| Data records |
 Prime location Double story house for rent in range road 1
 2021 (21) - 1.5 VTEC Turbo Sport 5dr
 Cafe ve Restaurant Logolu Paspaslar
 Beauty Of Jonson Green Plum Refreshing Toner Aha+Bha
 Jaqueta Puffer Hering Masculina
==
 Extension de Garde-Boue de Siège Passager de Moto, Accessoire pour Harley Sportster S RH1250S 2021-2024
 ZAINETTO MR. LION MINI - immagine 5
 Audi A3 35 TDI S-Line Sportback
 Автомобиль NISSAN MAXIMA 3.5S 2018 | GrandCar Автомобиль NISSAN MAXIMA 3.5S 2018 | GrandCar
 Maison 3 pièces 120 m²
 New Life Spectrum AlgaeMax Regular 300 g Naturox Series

| Activity |
Could you retype exactly the lines above, starting at the line that contains "Cafe ve Restaurant Logolu Paspaslar" and ending at the line that contains "Jaqueta Puffer Hering Masculina", and nothing more?

| Answer space |
 Cafe ve Restaurant Logolu Paspaslar
 Beauty Of Jonson Green Plum Refreshing Toner Aha+Bha
 Jaqueta Puffer Hering Masculina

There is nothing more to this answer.